Search code examples
regexpython-3.xnlpnumeric-ranges

Numeric Ranges with a Regular Expression python


So I am working on a text analytics problem and I am trying to remove all the numbers between 0 and 999 with regular expression in Python. I have tried Regex Numeric Range Generator to get the regular expression but I didn't succed. I can only remove all the numbers.

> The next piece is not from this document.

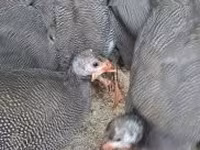 Guinea fowl — 写真 1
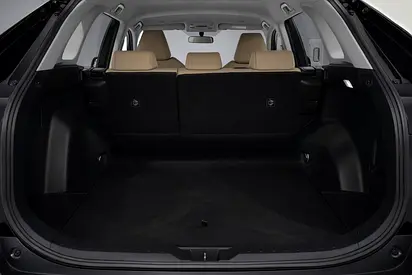 2024 Toyota RAV 4 照片 11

I have tried several Regex but it didn't work. here's what I tried

# Remove numbers starting from 0 ==> 999
data_to_clean = re.sub('[^[0-9]{1,3}$]', ' ', data_to_clean)

I have tried this also:

# Remove numbers starting from 0 ==> 999
data_to_clean = re.sub('\b([0-9]|[1-8][0-9]|9[0-9]|[1-8][0-9]{2}|9[0-8][0-9]|99[0-9])\b', ' ', data_to_clean)  

this one:

^([0-9]|[1-8][0-9]|9[0-9]|[1-8][0-9]{2}|9[0-8][0-9]|99[0-9])$

and this:

def clean_data(data_to_clean):
    # Remove numbers starting from 0 ==> 999
    data_to_clean = re.sub('[^[0-9]{1,3}$]', ' ', data_to_clean)  
    return data_to_clean

I have a lot of numbers but I need to delete just the ones under 3 decimals and keep the other.

Thank You for your help


Solution

  • You need precede the pattern string with an r to prevent escaping so the interpeter won't swap \b with a backspace. Plus you can simplify the pattern like this:

    data_to_clean = re.sub(r'\b([0-9]|[1-9][0-9]{1,2})\b', ' ', data_to_clean)